Fighting for safer biking and better transit in Cambridge
A new plan aims to increase biking safety and reduce traffic on Mass Ave
This fall, welcome changes will be coming to MIT as the City of Cambridge plans improvements to the South Massachusetts Ave corridor from Sidney Street to Memorial Drive. In its current state, while navigating this section of Mass Ave, one needs to contend with narrow or non-existent bike lanes, double-parked cars, and distracted drivers speeding inches from your handlebars. The view from the bus is not much better. The 1 and CT1 buses, the most highly trafficked routes in Cambridge, are usually stuck behind a seemingly interminable row of cars during rush hour, reliably taking way too long to make what should be a short trip to Boston or Harvard Square. This project will be a huge improvement to one of the main thoroughfares on campus and will be a proving ground for similar steps to improve transportation around Cambridge.

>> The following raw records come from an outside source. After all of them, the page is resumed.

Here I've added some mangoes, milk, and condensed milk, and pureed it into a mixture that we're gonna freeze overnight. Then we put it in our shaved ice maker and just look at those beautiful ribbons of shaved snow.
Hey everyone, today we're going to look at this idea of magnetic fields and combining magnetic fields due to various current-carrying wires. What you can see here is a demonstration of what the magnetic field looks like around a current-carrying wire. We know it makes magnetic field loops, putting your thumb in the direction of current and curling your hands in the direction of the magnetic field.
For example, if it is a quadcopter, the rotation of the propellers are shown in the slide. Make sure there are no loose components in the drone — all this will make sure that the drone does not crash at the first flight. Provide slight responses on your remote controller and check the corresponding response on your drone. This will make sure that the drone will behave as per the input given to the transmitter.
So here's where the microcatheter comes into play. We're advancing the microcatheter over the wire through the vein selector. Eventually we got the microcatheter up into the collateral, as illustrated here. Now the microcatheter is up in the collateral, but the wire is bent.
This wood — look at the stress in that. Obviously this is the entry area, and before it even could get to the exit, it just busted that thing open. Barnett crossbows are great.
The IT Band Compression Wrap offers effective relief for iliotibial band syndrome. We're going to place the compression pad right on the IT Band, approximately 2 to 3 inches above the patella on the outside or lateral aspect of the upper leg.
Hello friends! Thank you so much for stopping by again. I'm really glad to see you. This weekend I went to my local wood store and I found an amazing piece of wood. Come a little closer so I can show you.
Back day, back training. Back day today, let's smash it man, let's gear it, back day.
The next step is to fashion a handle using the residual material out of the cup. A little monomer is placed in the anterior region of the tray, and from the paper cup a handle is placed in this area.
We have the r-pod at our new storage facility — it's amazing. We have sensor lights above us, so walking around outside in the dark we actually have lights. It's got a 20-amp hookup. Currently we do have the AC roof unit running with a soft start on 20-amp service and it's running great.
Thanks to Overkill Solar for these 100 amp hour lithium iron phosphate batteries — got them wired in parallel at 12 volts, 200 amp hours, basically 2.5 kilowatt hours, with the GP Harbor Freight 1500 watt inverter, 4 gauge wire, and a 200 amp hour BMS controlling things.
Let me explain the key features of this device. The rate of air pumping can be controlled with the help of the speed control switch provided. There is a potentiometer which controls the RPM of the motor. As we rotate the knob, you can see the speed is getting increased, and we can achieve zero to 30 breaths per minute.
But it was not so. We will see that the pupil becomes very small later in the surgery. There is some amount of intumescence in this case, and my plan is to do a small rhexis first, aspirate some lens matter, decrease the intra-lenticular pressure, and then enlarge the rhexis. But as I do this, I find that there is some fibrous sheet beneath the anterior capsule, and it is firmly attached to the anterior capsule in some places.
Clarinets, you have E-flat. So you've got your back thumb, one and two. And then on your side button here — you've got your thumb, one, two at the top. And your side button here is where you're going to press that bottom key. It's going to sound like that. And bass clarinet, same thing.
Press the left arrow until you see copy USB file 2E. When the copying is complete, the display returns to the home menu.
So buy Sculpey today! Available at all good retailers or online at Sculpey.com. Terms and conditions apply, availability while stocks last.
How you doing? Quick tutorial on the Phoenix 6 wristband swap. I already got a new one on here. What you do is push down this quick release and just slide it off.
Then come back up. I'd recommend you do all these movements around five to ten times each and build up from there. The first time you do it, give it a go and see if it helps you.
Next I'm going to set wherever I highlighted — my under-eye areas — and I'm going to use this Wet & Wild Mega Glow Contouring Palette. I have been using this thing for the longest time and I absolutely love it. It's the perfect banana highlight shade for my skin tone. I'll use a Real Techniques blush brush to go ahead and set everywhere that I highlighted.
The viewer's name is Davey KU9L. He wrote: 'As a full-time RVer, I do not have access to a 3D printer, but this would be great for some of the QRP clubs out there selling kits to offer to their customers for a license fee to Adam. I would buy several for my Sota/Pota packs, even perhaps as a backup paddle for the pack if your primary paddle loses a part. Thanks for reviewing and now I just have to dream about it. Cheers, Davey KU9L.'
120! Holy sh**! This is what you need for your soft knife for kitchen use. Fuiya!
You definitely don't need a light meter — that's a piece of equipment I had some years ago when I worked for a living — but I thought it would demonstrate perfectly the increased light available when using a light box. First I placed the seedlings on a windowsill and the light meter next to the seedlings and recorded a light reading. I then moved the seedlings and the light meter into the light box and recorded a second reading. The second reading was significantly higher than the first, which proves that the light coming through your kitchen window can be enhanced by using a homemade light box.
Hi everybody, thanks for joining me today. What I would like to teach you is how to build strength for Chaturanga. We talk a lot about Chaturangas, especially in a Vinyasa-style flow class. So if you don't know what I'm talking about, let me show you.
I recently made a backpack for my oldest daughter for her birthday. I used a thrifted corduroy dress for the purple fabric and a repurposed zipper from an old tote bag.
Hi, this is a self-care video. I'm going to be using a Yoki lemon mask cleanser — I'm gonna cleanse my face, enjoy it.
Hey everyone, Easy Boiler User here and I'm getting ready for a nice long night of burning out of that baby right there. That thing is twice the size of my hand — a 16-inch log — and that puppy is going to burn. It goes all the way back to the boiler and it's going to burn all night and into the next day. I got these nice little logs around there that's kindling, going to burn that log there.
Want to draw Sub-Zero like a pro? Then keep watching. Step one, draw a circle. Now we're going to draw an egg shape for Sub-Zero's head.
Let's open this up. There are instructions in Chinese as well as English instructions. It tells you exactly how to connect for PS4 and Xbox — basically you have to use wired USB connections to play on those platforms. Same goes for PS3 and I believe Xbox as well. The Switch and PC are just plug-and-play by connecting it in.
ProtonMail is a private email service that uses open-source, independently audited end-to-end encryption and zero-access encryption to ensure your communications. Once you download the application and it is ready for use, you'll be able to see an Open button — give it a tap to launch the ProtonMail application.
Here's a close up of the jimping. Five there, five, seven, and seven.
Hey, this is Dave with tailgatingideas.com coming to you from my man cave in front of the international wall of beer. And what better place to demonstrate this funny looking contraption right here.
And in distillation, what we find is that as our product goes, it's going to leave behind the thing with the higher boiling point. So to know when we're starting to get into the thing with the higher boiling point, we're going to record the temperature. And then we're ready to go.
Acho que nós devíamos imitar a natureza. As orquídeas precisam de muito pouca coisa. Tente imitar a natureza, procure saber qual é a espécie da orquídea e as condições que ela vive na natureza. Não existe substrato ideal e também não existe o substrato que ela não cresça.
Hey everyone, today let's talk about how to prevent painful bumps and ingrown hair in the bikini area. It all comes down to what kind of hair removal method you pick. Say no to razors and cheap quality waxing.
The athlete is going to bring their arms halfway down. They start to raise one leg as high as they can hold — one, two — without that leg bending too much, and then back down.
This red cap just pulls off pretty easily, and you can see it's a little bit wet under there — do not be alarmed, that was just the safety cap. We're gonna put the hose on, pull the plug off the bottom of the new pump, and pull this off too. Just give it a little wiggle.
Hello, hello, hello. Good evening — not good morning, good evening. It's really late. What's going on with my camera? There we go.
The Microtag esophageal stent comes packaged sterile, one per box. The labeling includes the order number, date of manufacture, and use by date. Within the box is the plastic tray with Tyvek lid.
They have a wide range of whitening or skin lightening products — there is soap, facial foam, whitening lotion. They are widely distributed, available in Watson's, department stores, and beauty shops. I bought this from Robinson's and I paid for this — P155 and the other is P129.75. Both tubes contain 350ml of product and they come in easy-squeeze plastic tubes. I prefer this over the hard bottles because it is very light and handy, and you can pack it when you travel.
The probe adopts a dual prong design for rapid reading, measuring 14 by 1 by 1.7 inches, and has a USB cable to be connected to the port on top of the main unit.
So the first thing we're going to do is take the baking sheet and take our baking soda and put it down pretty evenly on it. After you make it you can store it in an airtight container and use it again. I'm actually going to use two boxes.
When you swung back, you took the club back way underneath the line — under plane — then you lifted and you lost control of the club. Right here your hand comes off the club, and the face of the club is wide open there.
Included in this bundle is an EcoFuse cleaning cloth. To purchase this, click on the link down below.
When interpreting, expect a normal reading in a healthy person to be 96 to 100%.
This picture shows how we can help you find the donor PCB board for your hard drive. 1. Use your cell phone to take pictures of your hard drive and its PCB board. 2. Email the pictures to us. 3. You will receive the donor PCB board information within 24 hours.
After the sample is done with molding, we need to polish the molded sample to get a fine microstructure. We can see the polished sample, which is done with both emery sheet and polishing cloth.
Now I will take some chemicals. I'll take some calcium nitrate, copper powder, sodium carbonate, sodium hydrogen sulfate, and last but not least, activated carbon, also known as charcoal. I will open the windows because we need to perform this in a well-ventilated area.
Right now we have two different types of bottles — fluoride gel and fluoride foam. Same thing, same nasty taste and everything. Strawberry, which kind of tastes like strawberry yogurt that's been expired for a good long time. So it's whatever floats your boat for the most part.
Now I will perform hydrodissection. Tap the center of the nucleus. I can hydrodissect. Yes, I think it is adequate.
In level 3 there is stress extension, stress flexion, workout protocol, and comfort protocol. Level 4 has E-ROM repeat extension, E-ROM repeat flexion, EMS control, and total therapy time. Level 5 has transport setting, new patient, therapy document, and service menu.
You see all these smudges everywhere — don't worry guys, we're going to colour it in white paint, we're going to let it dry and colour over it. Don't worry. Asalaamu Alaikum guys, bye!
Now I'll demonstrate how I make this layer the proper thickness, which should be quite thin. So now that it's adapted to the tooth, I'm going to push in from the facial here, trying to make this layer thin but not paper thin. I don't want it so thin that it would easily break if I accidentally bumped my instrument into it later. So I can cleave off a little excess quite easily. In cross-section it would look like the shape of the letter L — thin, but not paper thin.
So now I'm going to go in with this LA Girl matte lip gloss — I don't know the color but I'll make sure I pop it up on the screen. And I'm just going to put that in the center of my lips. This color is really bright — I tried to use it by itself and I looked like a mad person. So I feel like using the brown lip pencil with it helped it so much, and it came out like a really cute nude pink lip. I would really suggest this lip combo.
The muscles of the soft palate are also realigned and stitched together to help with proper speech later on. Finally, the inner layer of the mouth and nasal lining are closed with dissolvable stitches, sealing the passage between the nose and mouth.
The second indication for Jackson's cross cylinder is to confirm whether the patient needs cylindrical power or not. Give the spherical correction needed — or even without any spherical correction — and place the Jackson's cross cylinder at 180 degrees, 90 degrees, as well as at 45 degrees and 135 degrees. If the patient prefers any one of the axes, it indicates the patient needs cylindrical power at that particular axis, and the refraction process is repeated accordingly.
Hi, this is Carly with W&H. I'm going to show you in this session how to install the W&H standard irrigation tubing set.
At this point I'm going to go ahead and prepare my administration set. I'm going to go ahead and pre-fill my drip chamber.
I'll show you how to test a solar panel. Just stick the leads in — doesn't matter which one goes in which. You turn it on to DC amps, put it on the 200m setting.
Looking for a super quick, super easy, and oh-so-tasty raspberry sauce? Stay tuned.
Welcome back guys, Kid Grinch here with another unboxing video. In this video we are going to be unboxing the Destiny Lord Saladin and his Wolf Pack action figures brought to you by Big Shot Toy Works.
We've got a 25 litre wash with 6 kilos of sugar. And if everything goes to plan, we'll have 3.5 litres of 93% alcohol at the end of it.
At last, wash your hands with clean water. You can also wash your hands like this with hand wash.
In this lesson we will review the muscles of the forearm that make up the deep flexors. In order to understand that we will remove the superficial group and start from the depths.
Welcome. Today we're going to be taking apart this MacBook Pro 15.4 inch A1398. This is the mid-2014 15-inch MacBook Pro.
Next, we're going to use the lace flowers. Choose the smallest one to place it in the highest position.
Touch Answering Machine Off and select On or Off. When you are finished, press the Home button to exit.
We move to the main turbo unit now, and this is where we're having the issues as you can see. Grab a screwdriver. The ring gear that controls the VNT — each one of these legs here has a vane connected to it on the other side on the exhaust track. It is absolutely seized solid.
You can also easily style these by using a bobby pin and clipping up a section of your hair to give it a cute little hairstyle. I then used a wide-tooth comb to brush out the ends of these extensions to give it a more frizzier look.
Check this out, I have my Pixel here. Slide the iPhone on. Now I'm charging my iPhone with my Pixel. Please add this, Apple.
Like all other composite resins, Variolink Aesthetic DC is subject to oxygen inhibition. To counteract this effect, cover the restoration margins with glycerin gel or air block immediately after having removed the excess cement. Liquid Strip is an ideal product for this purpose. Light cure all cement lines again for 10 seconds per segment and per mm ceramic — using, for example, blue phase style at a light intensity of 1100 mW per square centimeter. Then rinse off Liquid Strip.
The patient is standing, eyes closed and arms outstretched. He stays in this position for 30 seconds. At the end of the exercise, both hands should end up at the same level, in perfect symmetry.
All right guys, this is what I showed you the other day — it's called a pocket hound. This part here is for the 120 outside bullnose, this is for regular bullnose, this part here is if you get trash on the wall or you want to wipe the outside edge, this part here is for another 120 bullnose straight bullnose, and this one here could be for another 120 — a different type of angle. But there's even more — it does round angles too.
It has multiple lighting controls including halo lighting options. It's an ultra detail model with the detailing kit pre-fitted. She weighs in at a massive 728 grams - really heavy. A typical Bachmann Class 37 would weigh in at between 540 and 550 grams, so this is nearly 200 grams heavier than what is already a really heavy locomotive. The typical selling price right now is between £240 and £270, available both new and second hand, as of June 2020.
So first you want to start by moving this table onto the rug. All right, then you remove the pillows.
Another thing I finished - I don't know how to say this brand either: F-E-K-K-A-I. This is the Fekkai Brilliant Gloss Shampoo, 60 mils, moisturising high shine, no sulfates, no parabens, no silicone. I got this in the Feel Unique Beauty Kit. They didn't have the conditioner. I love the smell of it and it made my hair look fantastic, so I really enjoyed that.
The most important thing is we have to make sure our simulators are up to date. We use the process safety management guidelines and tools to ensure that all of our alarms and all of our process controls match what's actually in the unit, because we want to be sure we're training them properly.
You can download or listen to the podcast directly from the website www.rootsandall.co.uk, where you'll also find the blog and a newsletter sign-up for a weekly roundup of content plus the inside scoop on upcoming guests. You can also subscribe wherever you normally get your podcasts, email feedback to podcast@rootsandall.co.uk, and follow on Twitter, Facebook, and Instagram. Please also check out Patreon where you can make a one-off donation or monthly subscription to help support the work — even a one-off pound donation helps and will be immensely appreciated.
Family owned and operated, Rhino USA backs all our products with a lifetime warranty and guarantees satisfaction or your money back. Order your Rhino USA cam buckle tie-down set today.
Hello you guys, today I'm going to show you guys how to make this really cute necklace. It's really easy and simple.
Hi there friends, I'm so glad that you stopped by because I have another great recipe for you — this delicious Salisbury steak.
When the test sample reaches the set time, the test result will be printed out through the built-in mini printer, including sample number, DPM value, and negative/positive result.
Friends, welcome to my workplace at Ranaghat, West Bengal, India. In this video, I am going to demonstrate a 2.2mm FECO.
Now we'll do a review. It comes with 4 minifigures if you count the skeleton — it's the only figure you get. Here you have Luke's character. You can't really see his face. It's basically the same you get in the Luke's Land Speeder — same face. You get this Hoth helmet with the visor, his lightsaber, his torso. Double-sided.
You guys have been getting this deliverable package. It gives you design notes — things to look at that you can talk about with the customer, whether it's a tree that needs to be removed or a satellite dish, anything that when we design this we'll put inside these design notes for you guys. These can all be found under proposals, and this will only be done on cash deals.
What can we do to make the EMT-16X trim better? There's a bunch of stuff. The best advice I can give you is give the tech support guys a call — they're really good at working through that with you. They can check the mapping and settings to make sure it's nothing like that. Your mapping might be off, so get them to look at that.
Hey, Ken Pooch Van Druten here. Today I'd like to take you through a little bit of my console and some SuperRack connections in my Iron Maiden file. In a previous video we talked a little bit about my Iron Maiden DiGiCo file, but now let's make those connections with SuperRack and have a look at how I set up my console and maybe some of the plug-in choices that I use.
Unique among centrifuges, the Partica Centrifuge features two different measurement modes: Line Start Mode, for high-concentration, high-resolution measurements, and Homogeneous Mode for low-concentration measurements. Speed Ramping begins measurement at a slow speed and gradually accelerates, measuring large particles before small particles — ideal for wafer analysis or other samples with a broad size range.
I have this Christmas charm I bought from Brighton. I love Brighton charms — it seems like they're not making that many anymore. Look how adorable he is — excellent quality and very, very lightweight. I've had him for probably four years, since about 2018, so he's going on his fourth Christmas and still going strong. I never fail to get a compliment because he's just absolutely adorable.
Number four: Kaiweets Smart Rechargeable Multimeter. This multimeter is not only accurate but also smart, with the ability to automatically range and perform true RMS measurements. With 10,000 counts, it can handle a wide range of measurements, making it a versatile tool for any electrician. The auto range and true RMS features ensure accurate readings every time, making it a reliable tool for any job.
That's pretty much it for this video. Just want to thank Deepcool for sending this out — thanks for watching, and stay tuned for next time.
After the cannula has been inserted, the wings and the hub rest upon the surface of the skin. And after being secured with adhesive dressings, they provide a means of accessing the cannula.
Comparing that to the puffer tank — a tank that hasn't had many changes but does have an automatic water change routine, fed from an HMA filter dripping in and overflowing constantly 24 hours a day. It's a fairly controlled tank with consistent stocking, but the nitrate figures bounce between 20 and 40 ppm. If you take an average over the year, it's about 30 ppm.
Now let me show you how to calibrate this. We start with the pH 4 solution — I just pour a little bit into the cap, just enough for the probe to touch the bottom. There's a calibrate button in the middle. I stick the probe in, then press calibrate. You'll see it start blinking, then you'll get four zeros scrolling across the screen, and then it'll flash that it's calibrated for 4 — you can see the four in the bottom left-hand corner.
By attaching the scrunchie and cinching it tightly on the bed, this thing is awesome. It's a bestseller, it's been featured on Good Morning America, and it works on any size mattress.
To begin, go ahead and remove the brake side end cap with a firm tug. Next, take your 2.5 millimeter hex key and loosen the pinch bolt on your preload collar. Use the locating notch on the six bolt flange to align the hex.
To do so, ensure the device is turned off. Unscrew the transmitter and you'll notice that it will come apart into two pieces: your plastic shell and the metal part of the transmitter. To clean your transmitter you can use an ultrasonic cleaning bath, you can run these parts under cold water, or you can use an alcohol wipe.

The planned changes include protected bike lanes that will separate bikes from fast-moving traffic using vertical “flex posts” as seen on parts of Brattle Street, in Central Square, and other parts of Cambridge. The second prominent feature is a bus-only lane that will replace one of the two current vehicular lanes in some sections. This will allow buses to bypass traffic and more efficiently move a greater number of people through the corridor. Additionally, a new crosswalk with flashing signals in front of Flour will improve walkability and pedestrian safety. The city is holding an open house to discuss these designs with anyone who is interested this Thursday, Sept. 27 at 6 p.m. in 32–155.
This corridor is one of the most dangerous in the city for people biking — in fact, an MIT student was killed at the intersection of Vassar Street and Mass Ave in 2011. Crash heat maps show high incidence rates even after accounting for the large volume of bikers. Pedestrians face similar dangers given the long crossing distance and impatient speeding and swerving of drivers and cyclists. Just beyond the project boundary in Central Square, a man earlier this year was hit by a car and killed walking in a crosswalk at night, and another cyclist was recently struck by a opening car door in a hit and run crash.
For buses, the Mass Ave section around MIT has also been identified as one of the worst in the entire MBTA service territory, receiving a “failing” grade based on reliability and excess time sitting in traffic. Encouraging people to get out of their single occupancy vehicles and onto more sustainable transportation has been a city priority for over two decades, but late, infrequent, and slow bus service is a major barrier to attracting more riders. Those who cannot afford to own a car or take taxis are stuck with few alternatives. The bus priority lanes address this issue and make the sustainable and efficient option more attractive.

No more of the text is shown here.